In mathematics, a well-order (or well-ordering or well-order relation) on a set S is a total order on S with the property that every non-empty subset of S has a least element in this ordering. The set S together with the well-order relation is then called a well-ordered set. In some academic articles and textbooks these terms are instead written as wellorder, wellordered, and wellordering or well order, well ordered, and well ordering.

Every non-empty well-ordered set has a least element. Every element s of a well-ordered set, except a possible greatest element, has a unique successor (next element), namely the least element of the subset of all elements greater than s. There may be elements besides the least element which have no predecessor (see  below for an example). A well-ordered set S contains for every subset T with an upper bound a least upper bound, namely the least element of the subset of all upper bounds of T in S.
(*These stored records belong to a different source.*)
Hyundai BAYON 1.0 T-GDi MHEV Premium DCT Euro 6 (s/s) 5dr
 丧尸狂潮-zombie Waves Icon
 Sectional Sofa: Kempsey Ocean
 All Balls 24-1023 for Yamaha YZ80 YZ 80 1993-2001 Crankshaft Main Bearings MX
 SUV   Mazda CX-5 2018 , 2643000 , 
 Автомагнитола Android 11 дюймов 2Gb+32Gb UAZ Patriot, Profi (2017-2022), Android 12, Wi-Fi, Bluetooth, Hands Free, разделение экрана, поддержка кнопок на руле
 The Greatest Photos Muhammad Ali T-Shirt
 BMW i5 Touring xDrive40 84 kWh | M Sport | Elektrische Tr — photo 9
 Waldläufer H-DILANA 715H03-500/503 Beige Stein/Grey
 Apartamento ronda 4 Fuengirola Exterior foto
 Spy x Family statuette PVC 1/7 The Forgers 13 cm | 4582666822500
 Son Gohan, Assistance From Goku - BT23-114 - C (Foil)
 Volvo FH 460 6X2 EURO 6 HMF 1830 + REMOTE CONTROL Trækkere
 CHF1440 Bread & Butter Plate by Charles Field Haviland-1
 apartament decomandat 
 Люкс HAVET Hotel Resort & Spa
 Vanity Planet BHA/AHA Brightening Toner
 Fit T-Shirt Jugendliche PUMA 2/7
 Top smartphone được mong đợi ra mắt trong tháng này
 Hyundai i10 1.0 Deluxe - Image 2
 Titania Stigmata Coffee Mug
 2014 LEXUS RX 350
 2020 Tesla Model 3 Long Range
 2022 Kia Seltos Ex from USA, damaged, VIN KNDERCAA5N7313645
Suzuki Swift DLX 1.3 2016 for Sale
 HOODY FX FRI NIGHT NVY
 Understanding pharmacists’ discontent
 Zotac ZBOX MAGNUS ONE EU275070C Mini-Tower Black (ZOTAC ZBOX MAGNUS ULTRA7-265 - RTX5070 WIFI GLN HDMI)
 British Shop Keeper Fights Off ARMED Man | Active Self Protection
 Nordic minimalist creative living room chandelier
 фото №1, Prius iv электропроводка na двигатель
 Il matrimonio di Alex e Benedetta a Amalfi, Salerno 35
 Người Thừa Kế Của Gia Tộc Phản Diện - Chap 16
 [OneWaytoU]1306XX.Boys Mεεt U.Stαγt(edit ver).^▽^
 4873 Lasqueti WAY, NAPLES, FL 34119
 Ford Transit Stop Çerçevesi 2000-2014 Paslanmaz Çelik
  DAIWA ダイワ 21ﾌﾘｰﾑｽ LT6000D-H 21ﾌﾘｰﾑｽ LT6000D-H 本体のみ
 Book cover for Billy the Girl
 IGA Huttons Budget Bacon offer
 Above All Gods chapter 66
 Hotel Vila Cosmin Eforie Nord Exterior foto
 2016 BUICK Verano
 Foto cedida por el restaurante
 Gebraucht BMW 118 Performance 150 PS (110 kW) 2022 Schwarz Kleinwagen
If ≤ is a non-strict well ordering, then < is a strict well ordering. A relation is a strict well ordering if and only if it is a well-founded strict total order. The distinction between strict and non-strict well orders is often ignored since they are easily interconvertible.

Every well-ordered set is uniquely order isomorphic to a unique ordinal number, called the order type of the well-ordered set. The well-ordering theorem, which is equivalent to the axiom of choice, states that every set can be well ordered. If a set is well ordered (or even if it merely admits a well-founded relation), the proof technique of transfinite induction can be used to prove that a given statement is true for all elements of the set.

The observation that the natural numbers are well ordered by the usual less-than relation is commonly called the well-ordering principle (for natural numbers).

Ordinal numbers 

Every well-ordered set is uniquely order isomorphic to a unique ordinal number, called the order type of the well-ordered set. The position of each element within the ordered set is also given by an ordinal number. In the case of a finite set, the basic operation of counting, to find the ordinal number of a particular object, or to find the object with a particular ordinal number, corresponds to assigning ordinal numbers one by one to the objects. The size (number of elements, cardinal number) of a finite set is equal to the order type. Counting in the everyday sense typically starts from one, so it assigns to each object the size of the initial segment with that object as last element. Note that these numbers are one more than the formal ordinal numbers according to the isomorphic order, because these are equal to the number of earlier objects (which corresponds to counting from zero). Thus for finite n, the expression "n-th element" of a well-ordered set requires context to know whether this counts from zero or one. In a notation "β-th element" where β can also be an infinite ordinal, it will typically count from zero.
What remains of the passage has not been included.